ECHR convicts Russia in case of Ivantoc and Others v. Moldova and Russia
Former political detainees of the Transnistrian regime Andrei Ivantoc and Tudor Popa won a case against Russia at the European Court of Human Rights. Russia was obliged to pay the applicants €160,000 in respect of pecuniary and non-pecuniary damage, Info-Prim Neo reports.
Russia is to pay damages for the fact that Andrei Ivantoc and Tudor Popa had been illegally detained until 2007, despite the ECHR’s decision on the case of Ilascu and Others v. Moldova and Russia of July 8, 2004, whereby the two states were obliged to make sure that the detainees were immediately set free, Deputy Minister of Justice Vladimir Grosu told a news conference.

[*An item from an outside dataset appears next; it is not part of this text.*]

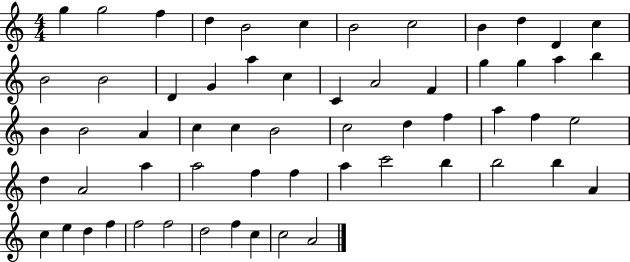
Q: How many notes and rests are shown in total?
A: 60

Moldova was absolved from paying damages.
The case refers to the continuous non-fulfillment of the Grand Chamber’s decision of July 2004. The Grand Chamber ruled that Iascu and the other plaintiffs were illegally held under a decision by a Transnistrian court and subjected to inhuman and degrading treatment and torture, and ordered that the authorities of Moldova and Russia take all the measures to hasten the release of the detainees.
As Andrei Ivantoc and Tudor Popa weren’t set free in 2004, the plaintiffs filed a new application to the ECHR in 2005.

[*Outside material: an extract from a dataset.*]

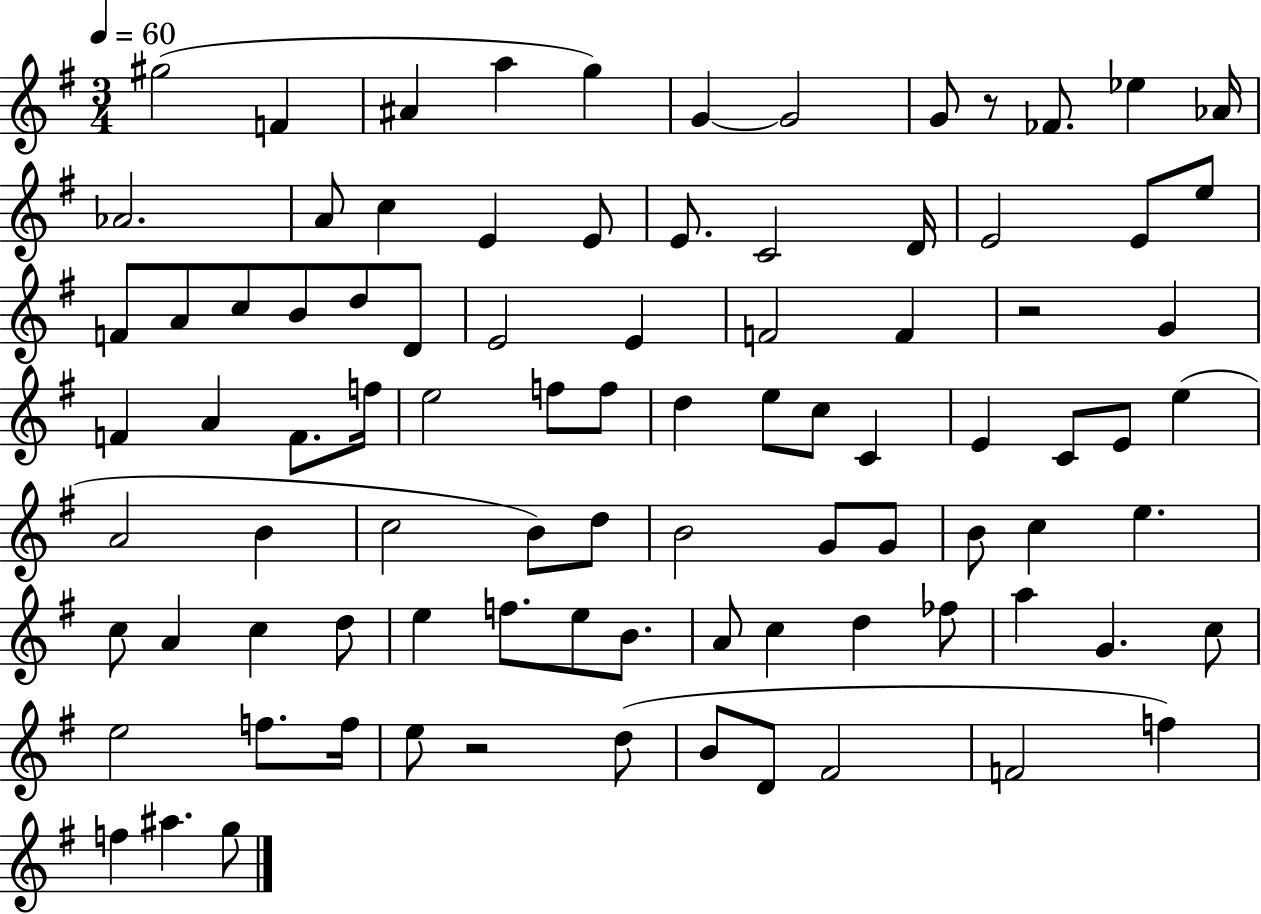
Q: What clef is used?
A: treble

”On November 15, the ECHR decided that Moldova fulfilled its obligations to guarantee the rights of the plaintiffs through the European Convention on Human Rights, since July 2004,” said Vladimir Grosu.
The High Court also ruled that Russia is responsible for the violation of plaintiffs’ rights and that Moscow continues to have a close relation with the separatist Transnistrian regime, providing military, political, financial, economic and other kinds of support to it.